As American Post Keynesian economist, Alfred Eichner wrote in his In his brilliant 1979 exposition – A Guide to Post-Keynesian Economics, American economist Alfred Eichner wrote (1979: 172):

The discipline of economics has so far successfully resisted all efforts to alter its character as an exercise in how to reason deductively from axiomatic principles. That is, it has insisted on remaining the Euclidean geometry of the social sciences.

[Reference: Eichner, A.S. (1979) A Guide to post-Keynesian Economics, Armonk, NY, M.E. Sharpe]

The use of mathematical techniques drawing on a set of axiomatic assumptions about human behaviour (we are always rational and can make complex calculations across our lifetimes that maximise our fortunes), information availability (typically, we can predict the future with an average error of zero), structure of markets (only small firms with no price setting power) and more, however, cannot give the social sciences the status of a physical (“hard”) science.

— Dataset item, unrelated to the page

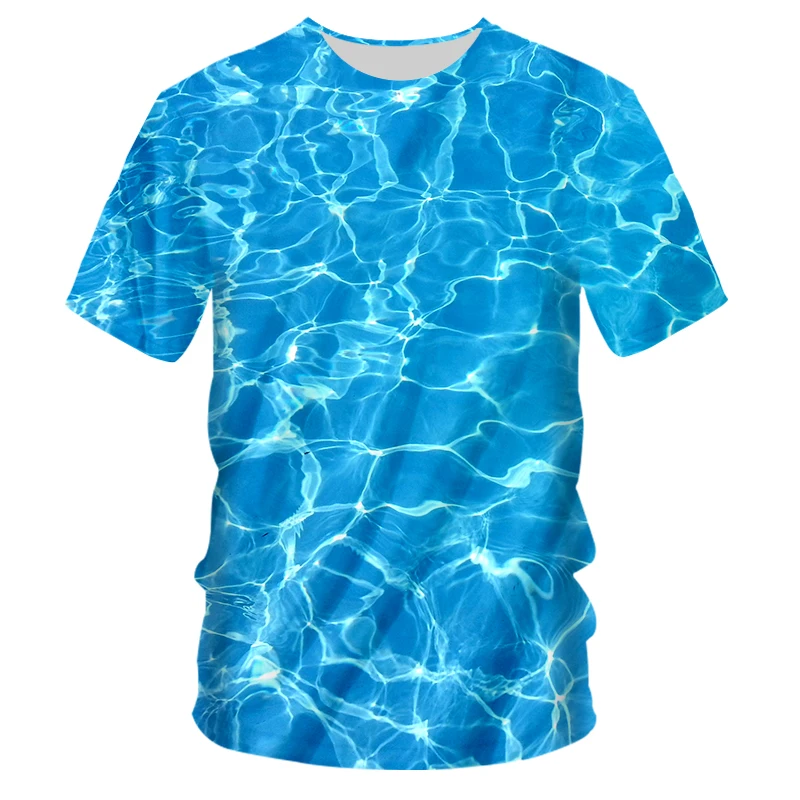 2022 Brand 3D Water ripple swimming pool Men\'s Round Neck T-shirt Suit Fashion Men\'s Women\'s T-shirt Shorts vest Sportswear 4XL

John Maynard Keynes understood this clearly. In discussing, the applicability of classical theory “to the problems of involuntary unemployment” (Keynes, 1936: 17), given that the theory only constructed stylised full employment models, Keynes said (1936: 17) that:

The classical theorists resemble Euclidean geometers in a non-Euclidean world who, discovering that in experience straight lines apparently parallel often meet, rebuke the lines for not keeping straight – as the only remedy for the unfortunate collisions which are occurring. Yet, in truth, there is no remedy except to throw over the axiom of parallels and to work out a non- Euclidean geometry.

[Reference: Keynes, J.M. (1936) The General Theory of Employment, Interest, and Money, London, Macmillan.]

In discussing free trade and the contribution of economists in this area, we must always be mindful of the way in which the theories are constructed before wondering whether they can be applied to the real world where human behaviour is not consistently rational; where we take decisions that can best be regarded as ‘satisficing’ rather than maximising; where we are heavily driven by patterned behaviour reflecting habits, culture and social background; where information in restricted and the future endemically uncertain; and, where firms have power to set prices.

Flawed economics

If we go back to square one and outline the conditions mainstream economists assume must be present before ‘free trade’ between nations delivers optimal outcomes we immediately see the problem.

Even within the logic of the mainstream (neo-classical) trade theory approach there are obvious problems. A basic assumption is that there is full employment in each country and workers receive their contribution to production in the form of wage payments.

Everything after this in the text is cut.